* REQUIRED WORK:
Will you output all of the data below exactly, omitting the images?

* SOURCE MATERIAL:
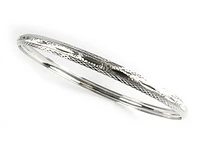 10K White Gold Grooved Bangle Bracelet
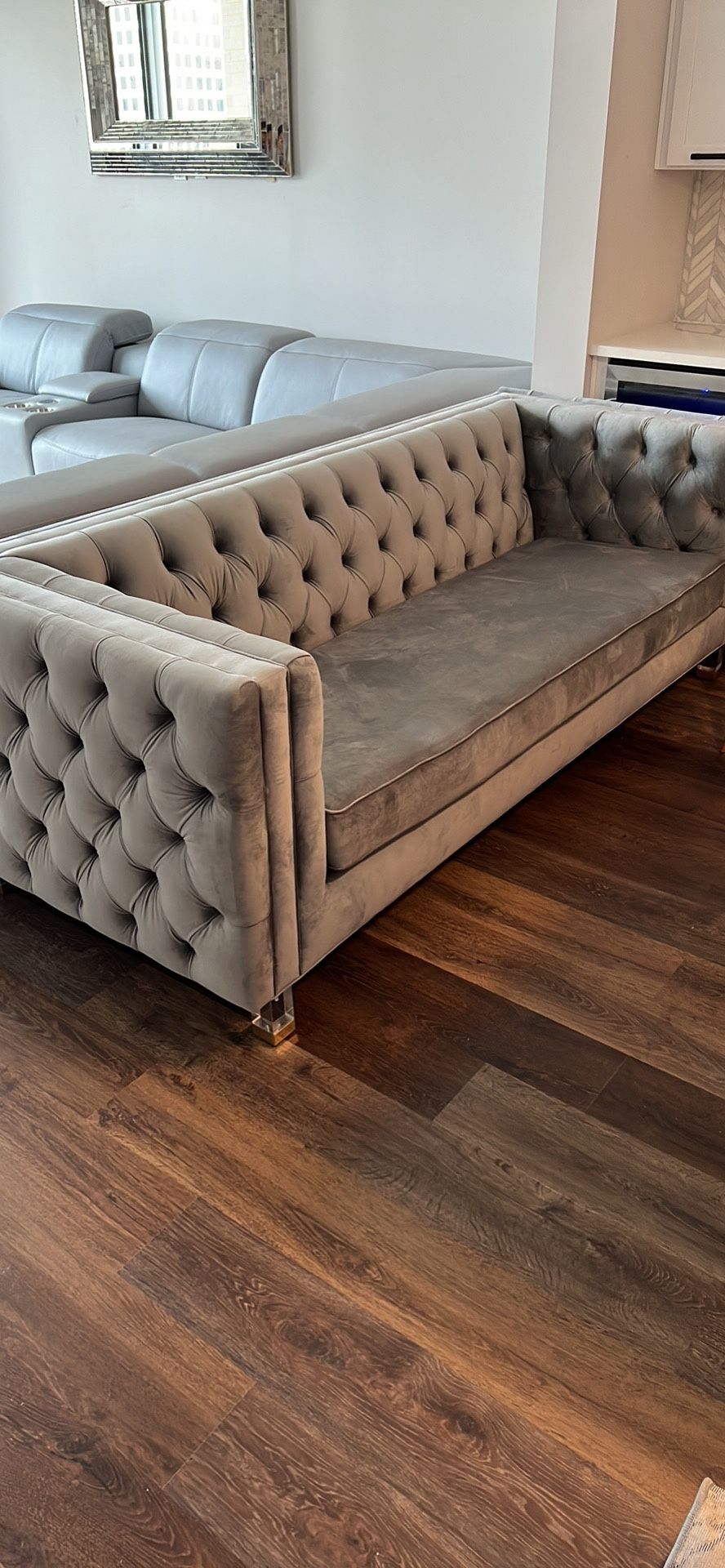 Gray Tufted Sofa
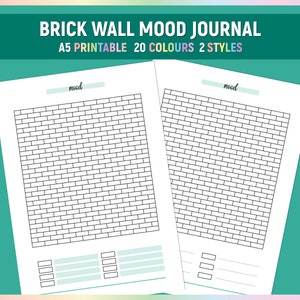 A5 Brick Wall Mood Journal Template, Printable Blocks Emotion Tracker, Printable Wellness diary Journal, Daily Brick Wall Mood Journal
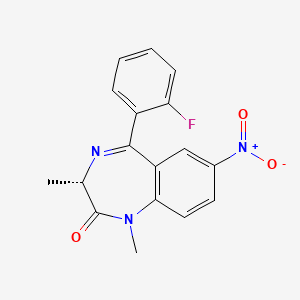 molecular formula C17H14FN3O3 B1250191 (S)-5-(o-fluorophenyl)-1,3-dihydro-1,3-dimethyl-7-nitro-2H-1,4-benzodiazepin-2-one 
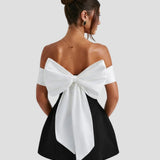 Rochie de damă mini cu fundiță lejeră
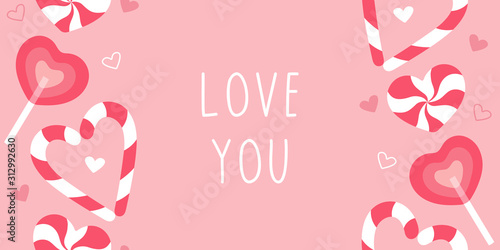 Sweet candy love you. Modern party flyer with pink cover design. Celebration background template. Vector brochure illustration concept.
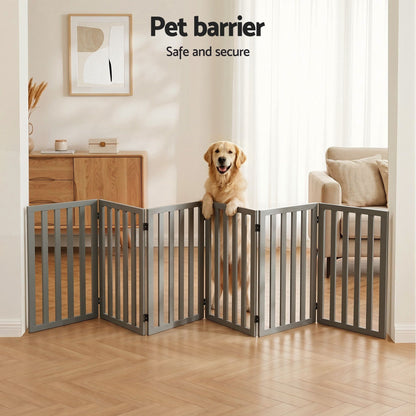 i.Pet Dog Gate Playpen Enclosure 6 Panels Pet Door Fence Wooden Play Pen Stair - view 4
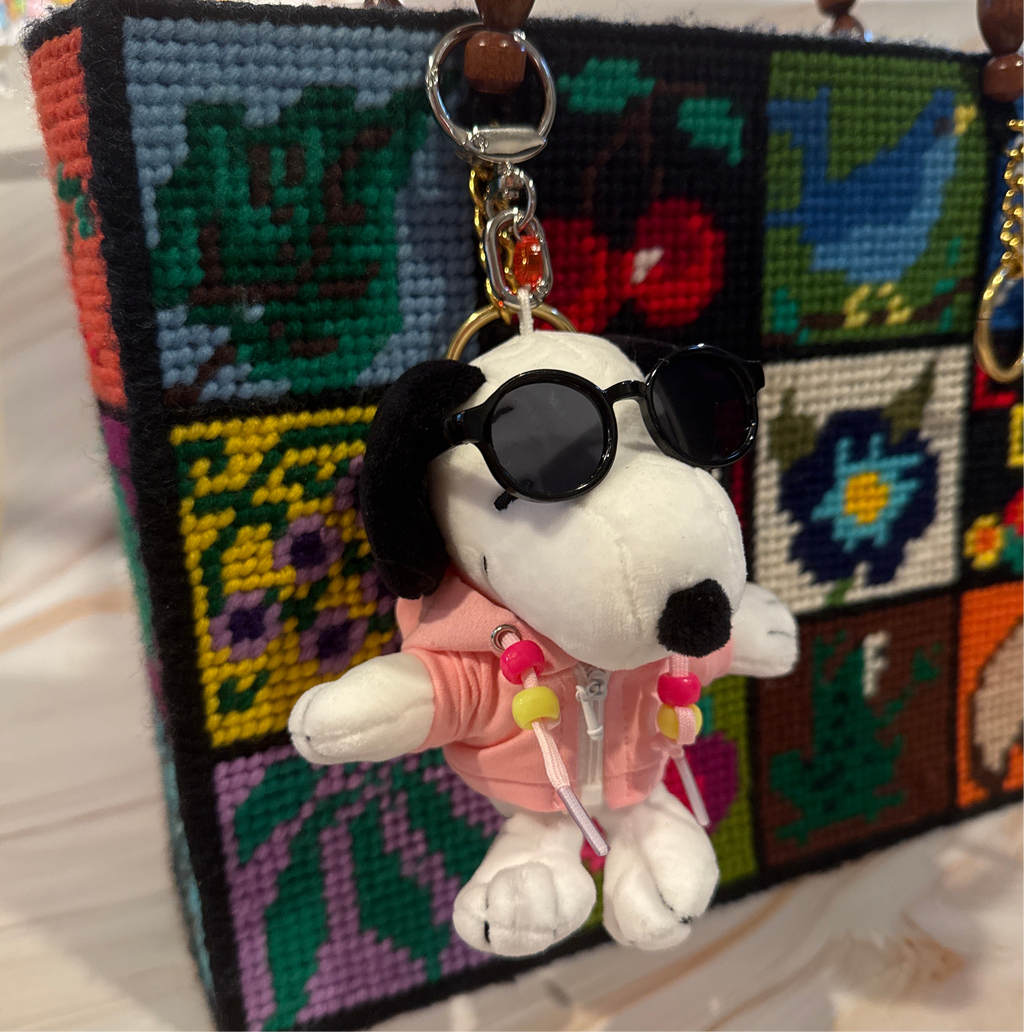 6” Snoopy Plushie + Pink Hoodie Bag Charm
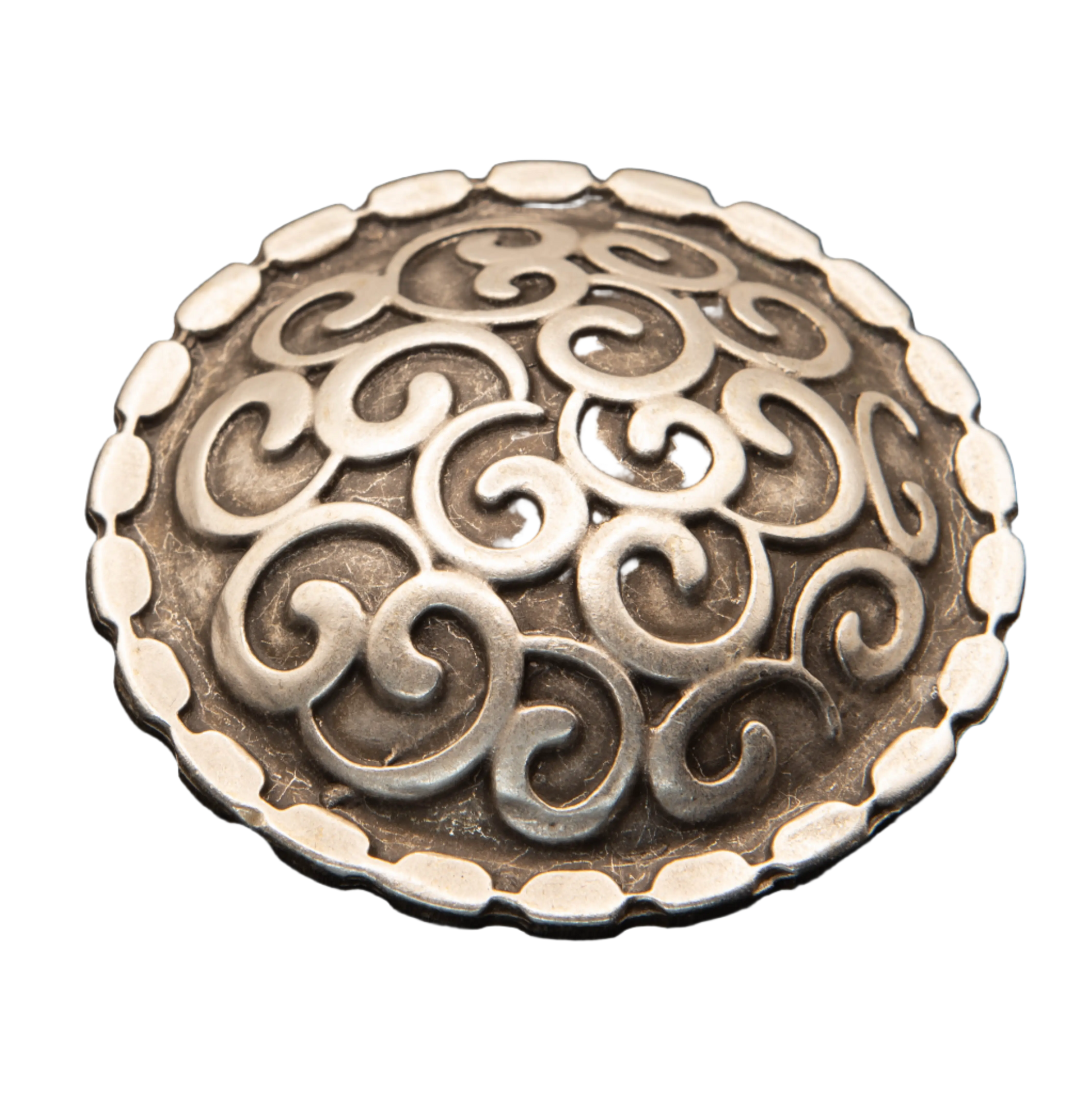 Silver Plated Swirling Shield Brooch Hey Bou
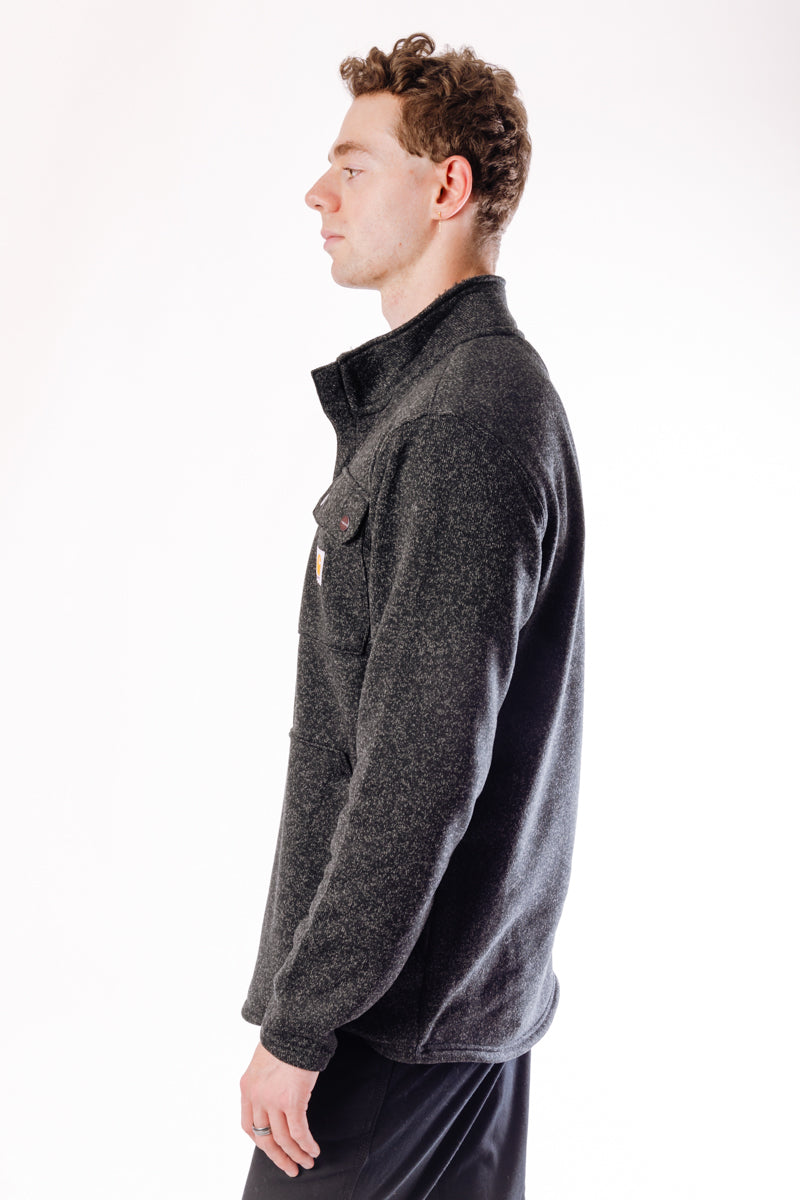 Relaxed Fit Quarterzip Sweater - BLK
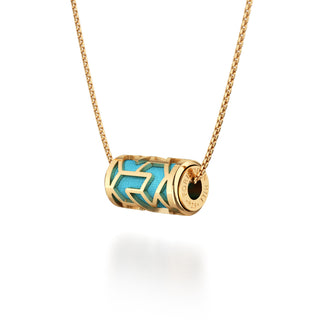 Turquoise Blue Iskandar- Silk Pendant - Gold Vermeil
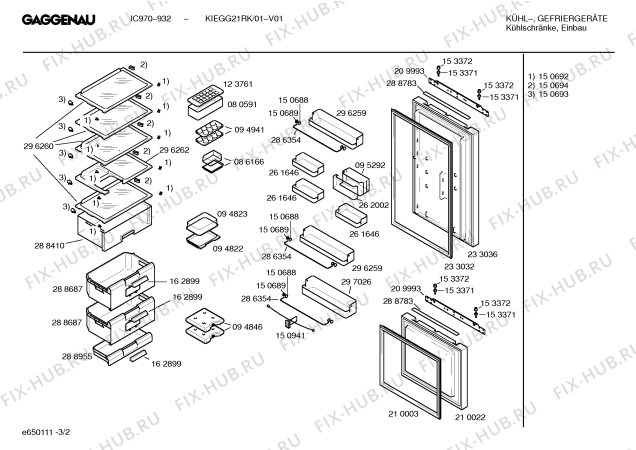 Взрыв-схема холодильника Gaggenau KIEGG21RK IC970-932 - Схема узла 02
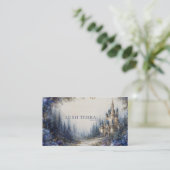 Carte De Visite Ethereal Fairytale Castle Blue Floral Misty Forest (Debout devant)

* OUTPUT OF THE EXERCISE:
 10K White Gold Grooved Bangle Bracelet
 Gray Tufted Sofa
 A5 Brick Wall Mood Journal Template, Printable Blocks Emotion Tracker, Printable Wellness diary Journal, Daily Brick Wall Mood Journal
 molecular formula C17H14FN3O3 B1250191 (S)-5-(o-fluorophenyl)-1,3-dihydro-1,3-dimethyl-7-nitro-2H-1,4-benzodiazepin-2-one 
 Rochie de damă mini cu fundiță lejeră
 Sweet candy love you. Modern party flyer with pink cover design. Celebration background template. Vector brochure illustration concept.
 i.Pet Dog Gate Playpen Enclosure 6 Panels Pet Door Fence Wooden Play Pen Stair - view 4
 6” Snoopy Plushie + Pink Hoodie Bag Charm
 Silver Plated Swirling Shield Brooch Hey Bou
 Relaxed Fit Quarterzip Sweater - BLK
 Turquoise Blue Iskandar- Silk Pendant - Gold Vermeil
 Взрыв-схема холодильника Gaggenau KIEGG21RK IC970-932 - Схема узла 02
 Carte De Visite Ethereal Fairytale Castle Blue Floral Misty Forest (Debout devant)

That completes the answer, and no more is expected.